Using the data below, transcribe exactly everything from the line that contains "MAC Dream Wide" down to the line that contains "Compatibil Cartuș de". Include both of those lines and none of the pictures.

> _Task material_
^^^^

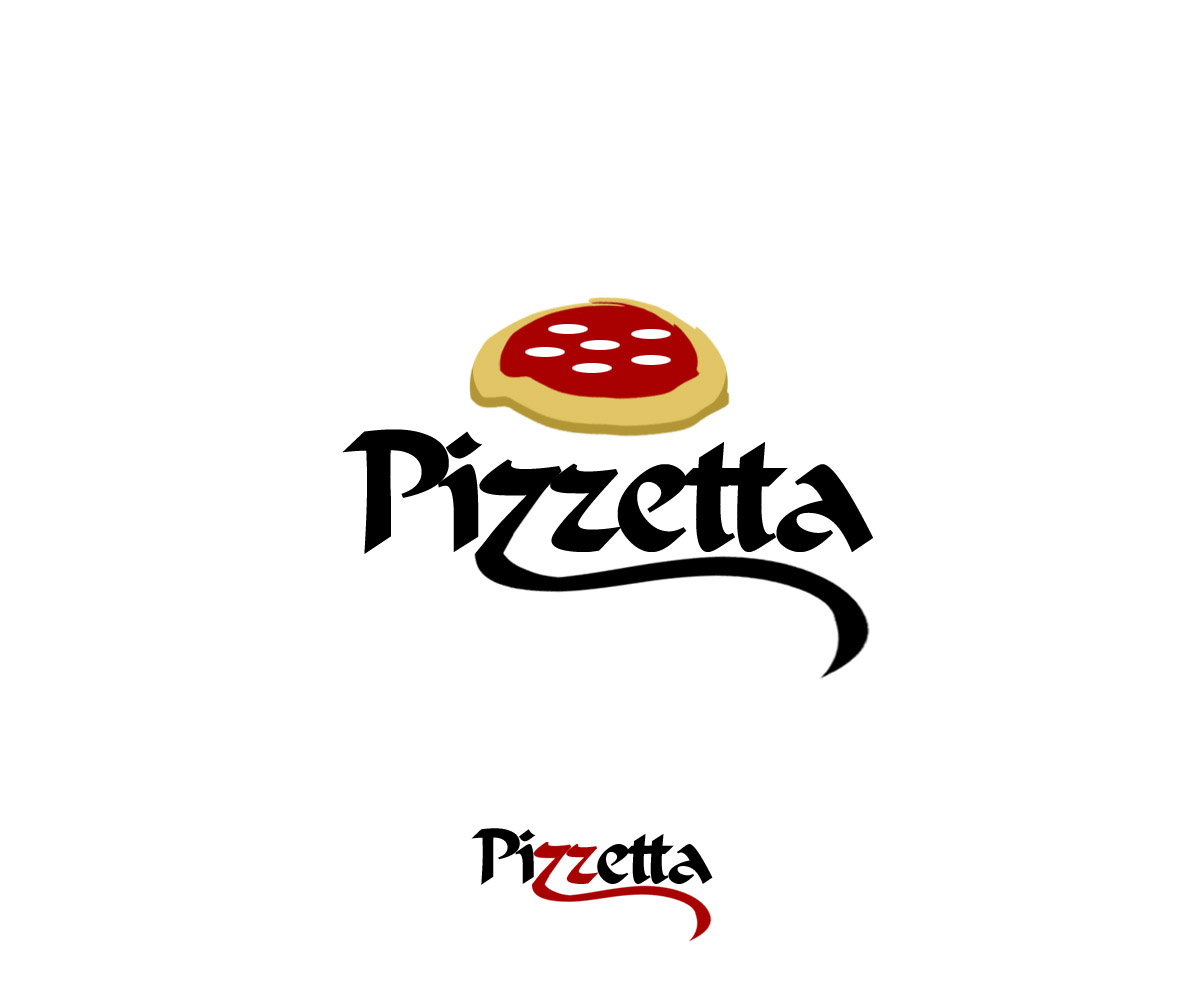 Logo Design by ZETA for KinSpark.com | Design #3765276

^^^^

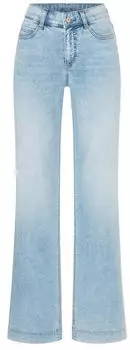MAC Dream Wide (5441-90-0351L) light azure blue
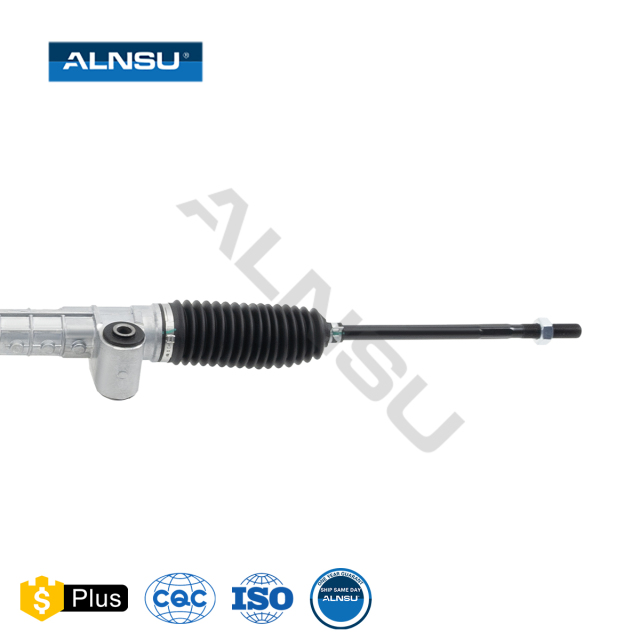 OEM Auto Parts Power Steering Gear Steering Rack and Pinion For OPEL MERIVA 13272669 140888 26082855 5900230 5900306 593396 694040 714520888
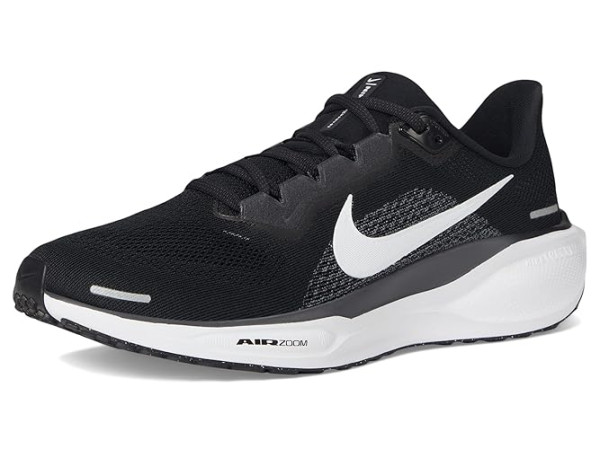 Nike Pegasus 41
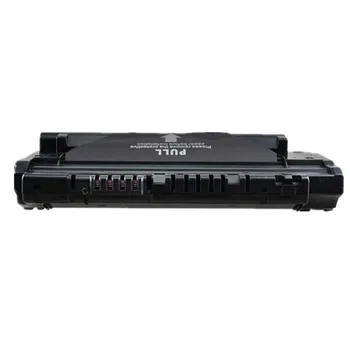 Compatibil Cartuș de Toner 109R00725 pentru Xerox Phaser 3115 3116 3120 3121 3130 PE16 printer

^^^^

> _Written solution_
MAC Dream Wide (5441-90-0351L) light azure blue
 OEM Auto Parts Power Steering Gear Steering Rack and Pinion For OPEL MERIVA 13272669 140888 26082855 5900230 5900306 593396 694040 714520888
 Nike Pegasus 41
 Compatibil Cartuș de Toner 109R00725 pentru Xerox Phaser 3115 3116 3120 3121 3130 PE16 printer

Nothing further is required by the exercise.